Directions for this task:
Please give back, word for word, each line from the start of the entries through the one in which "Bathroom featuring a" is found.

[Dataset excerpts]
↓↓↓

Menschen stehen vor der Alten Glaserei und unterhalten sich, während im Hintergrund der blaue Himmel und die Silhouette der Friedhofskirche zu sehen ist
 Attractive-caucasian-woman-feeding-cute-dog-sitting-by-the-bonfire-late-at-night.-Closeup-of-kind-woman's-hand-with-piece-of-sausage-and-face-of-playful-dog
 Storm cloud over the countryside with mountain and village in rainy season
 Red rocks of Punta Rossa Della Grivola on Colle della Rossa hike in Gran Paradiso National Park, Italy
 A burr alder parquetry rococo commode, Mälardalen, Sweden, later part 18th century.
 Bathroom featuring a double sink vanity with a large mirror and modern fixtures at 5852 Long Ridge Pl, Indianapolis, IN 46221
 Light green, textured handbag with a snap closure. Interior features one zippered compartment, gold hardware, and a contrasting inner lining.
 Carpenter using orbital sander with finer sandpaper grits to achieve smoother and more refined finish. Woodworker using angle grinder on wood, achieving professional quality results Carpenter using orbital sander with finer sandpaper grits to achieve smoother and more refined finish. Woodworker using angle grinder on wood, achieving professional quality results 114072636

↑↑↑

Exercise response:
Menschen stehen vor der Alten Glaserei und unterhalten sich, während im Hintergrund der blaue Himmel und die Silhouette der Friedhofskirche zu sehen ist
 Attractive-caucasian-woman-feeding-cute-dog-sitting-by-the-bonfire-late-at-night.-Closeup-of-kind-woman's-hand-with-piece-of-sausage-and-face-of-playful-dog
 Storm cloud over the countryside with mountain and village in rainy season
 Red rocks of Punta Rossa Della Grivola on Colle della Rossa hike in Gran Paradiso National Park, Italy
 A burr alder parquetry rococo commode, Mälardalen, Sweden, later part 18th century.
 Bathroom featuring a double sink vanity with a large mirror and modern fixtures at 5852 Long Ridge Pl, Indianapolis, IN 46221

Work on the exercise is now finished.